Language of document : ECLI:EU:F:2014:53

ORDONNANCE DU TRIBUNAL DE LA FONCTION PUBLIQUE
DE L’UNION EUROPÉENNE
(deuxième chambre)

9 avril 2014

Affaire F‑87/13

Philippe Colart et autres

contre

Parlement européen

« Fonction publique – Représentation du personnel – Accord-cadre entre le Parlement et les organisations syndicales ou professionnelles de l’institution – Comité exécutif d’un syndicat – Contestation interne au syndicat sur la légitimité et l’identité des personnes composant le comité exécutif – Droits d’accès à la messagerie électronique mise à la disposition d’un syndicat par l’institution – Refus de l’institution de rétablir des droits et/ou de supprimer tout droit d’accès à la messagerie électronique – Qualité pour agir – Irrecevabilité manifeste »

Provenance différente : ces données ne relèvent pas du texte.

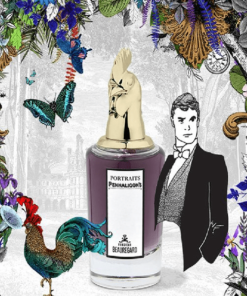 Penhaligon’s Monsieur Beauregard EDP-min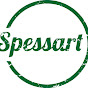 Spessart Tourismus logo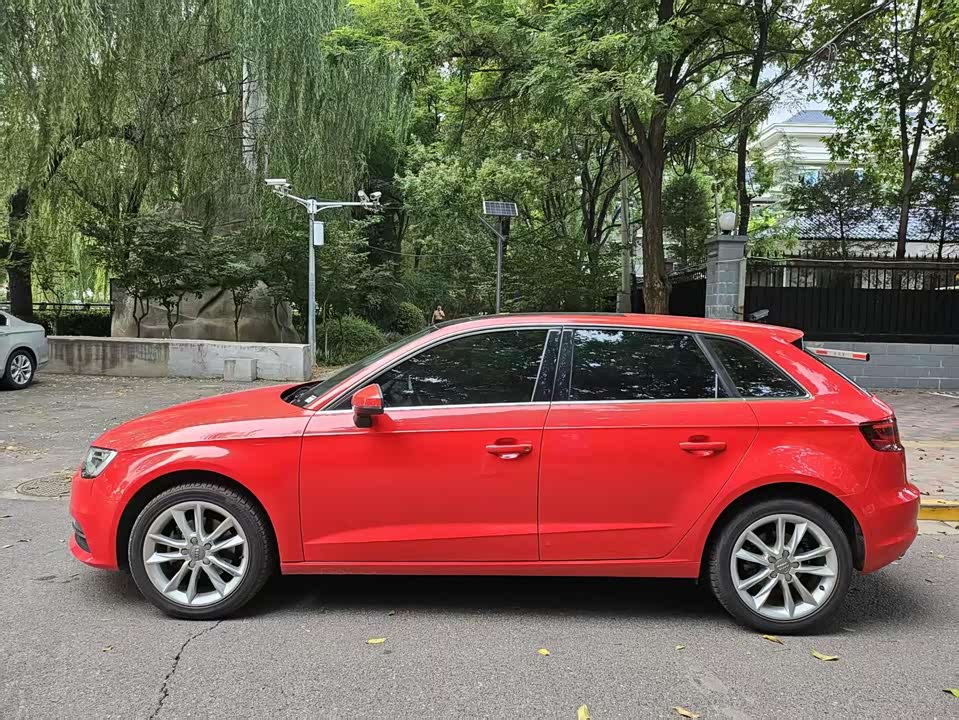 Audi A3 Audi A3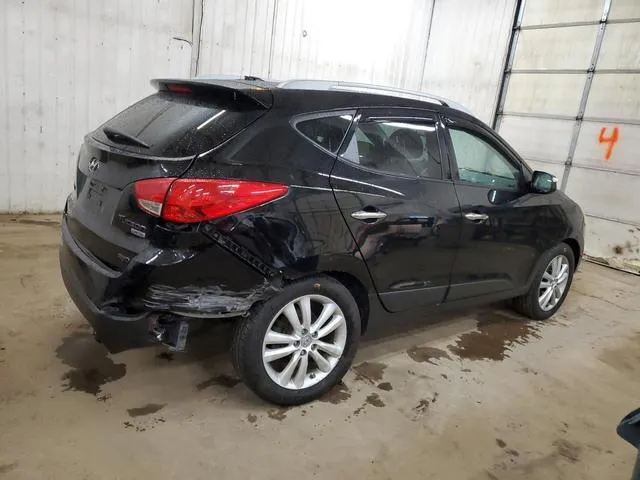 KM8JUCAC1CU382485 2012 2012 Hyundai Tucson- Gls 3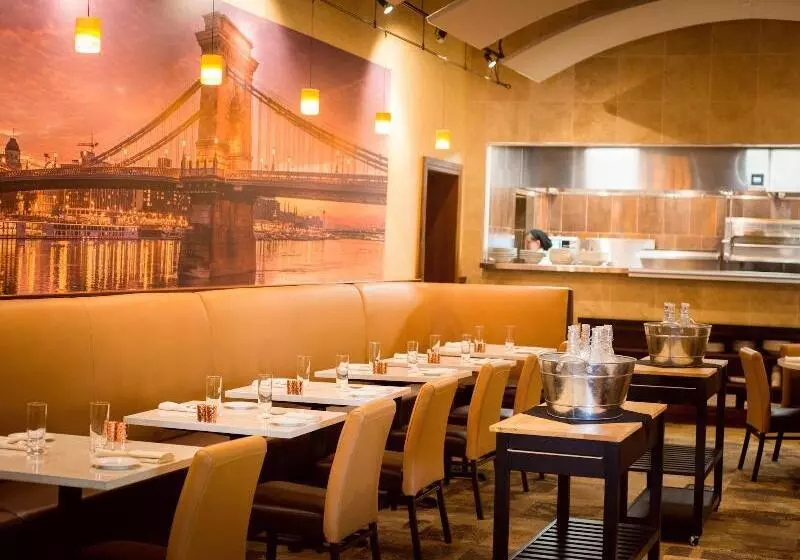 فندق The Blennerhassett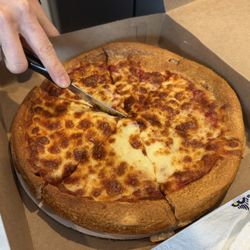 Four Brothers Pizza & Restaurant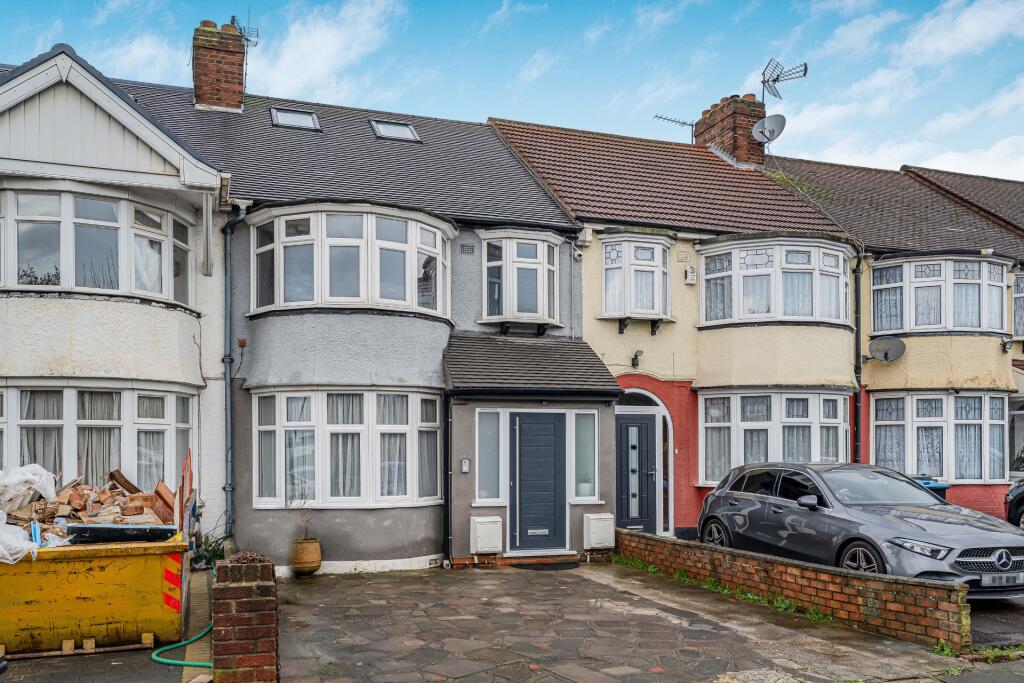 Main image of property: Great Cambridge Road, Enfield, EN1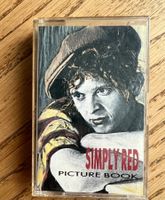 Simply Red: Picture Book MC / Musikkassette (1985)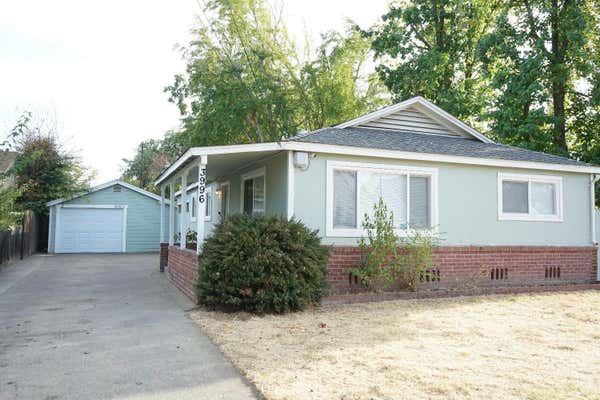 3996 SIERRA VISTA AVE, SACRAMENTO, CA 95820 - Image 1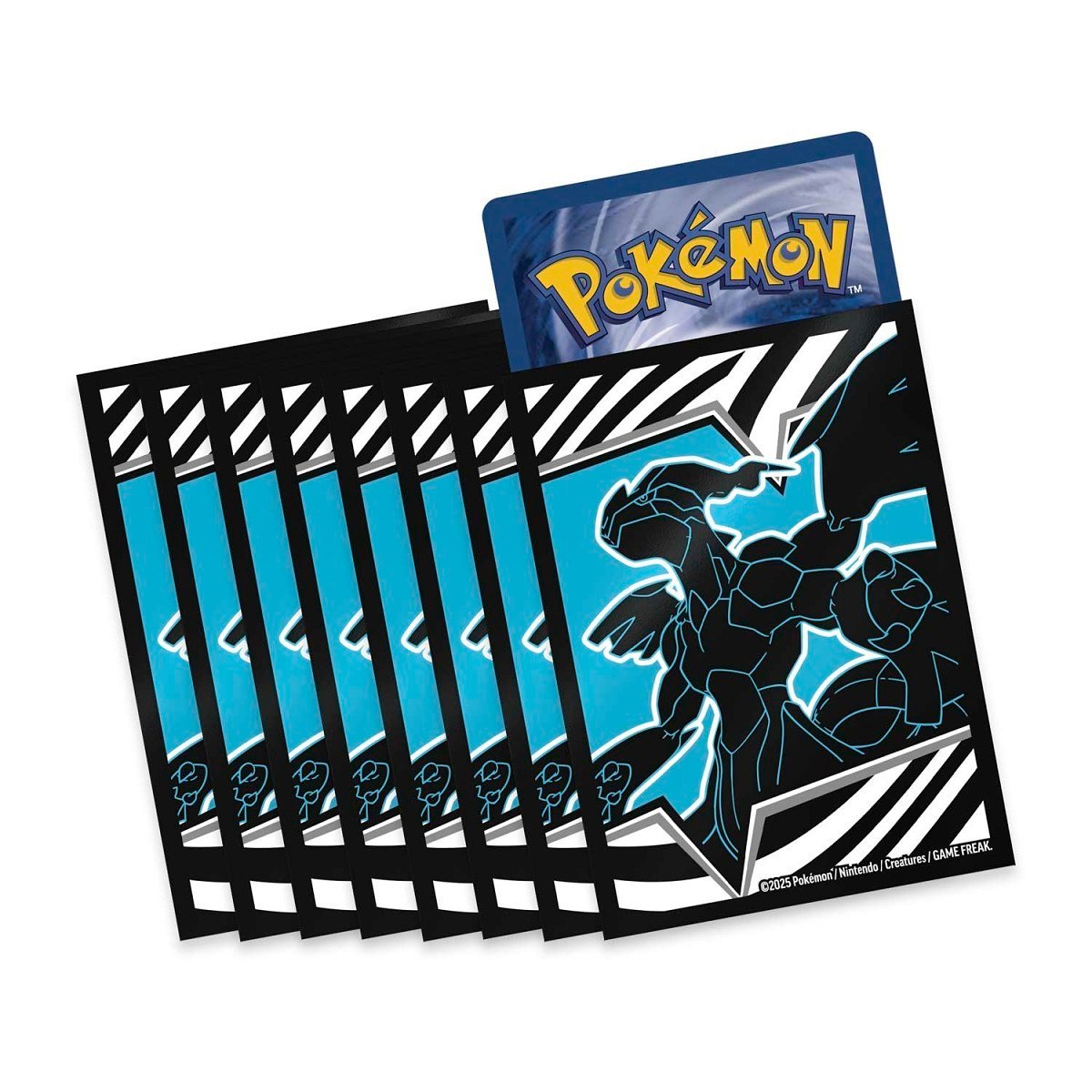 Pokémon TCG: Scarlet & Violet-Black Bolt Pokémon Center Elite Trainer Box - Image 3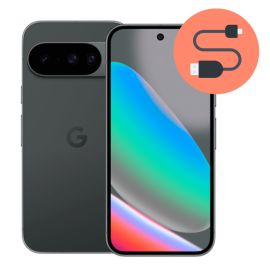 Réparation Connecteur de charge Google Pixel 10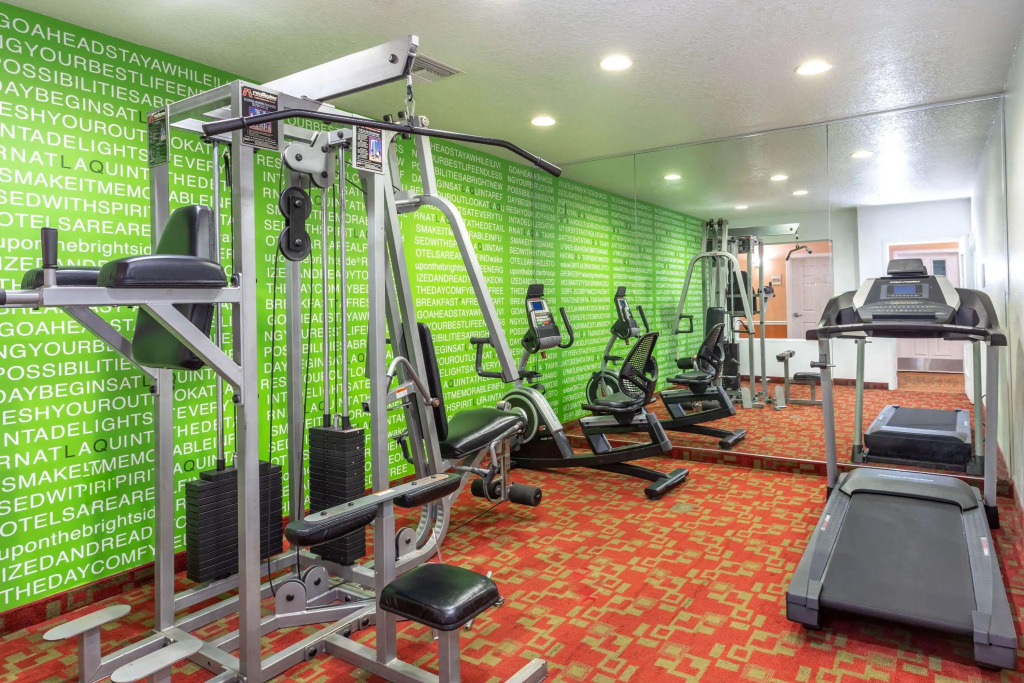 La Quinta Inn & Suites by Wyndham St. Augustine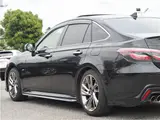 2021 Toyota Crown Hybrid RS Advance ★ Rear Comfort ★ Safety Package + Black Sedan for sale, Japanese used car export - photo 10 of 70 | GULJI TRADERS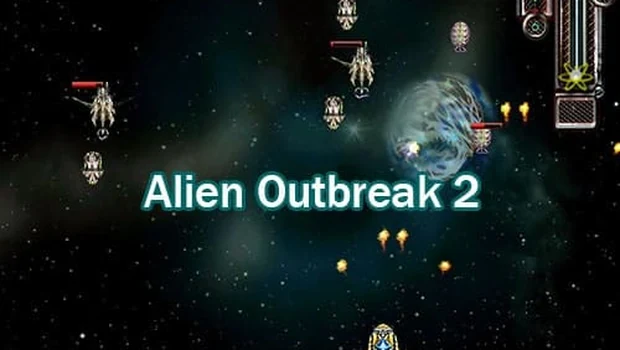 Alien Outbreak 2 сохранение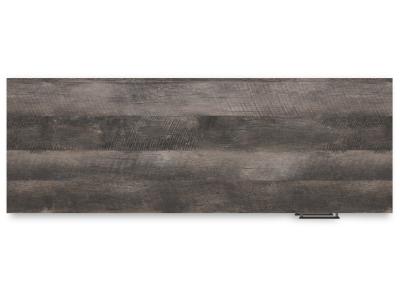 Signature Design by Ashley Shawburn 54" Home Office Desk - H4121-34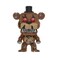 Funko : FNAF - Nightmare Freddy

Objet :      Recours, introduit au titre de l’article 270 TFUE, applicable au traité CEEA en vertu de son article 106 bis, par lequel MM. Colart, Bras, Corthout, Decoutere, Dony, Garzone, Mme Kemmerling-Linssen, ainsi que MM. Manzella et Vienne (ci-après les « requérants ») demandent l’annulation d’une décision du secrétaire général du Parlement européen intervenue au cours du mois de juin 2013 et relative à une nouvelle distribution des droits d’accès à la boîte de messagerie électronique du syndicat « Solidarité pour les agents et fonctionnaires européens » (ci-après « SAFE ») ainsi que l’indemnisation des préjudices de toute nature que leur a causés cette décision.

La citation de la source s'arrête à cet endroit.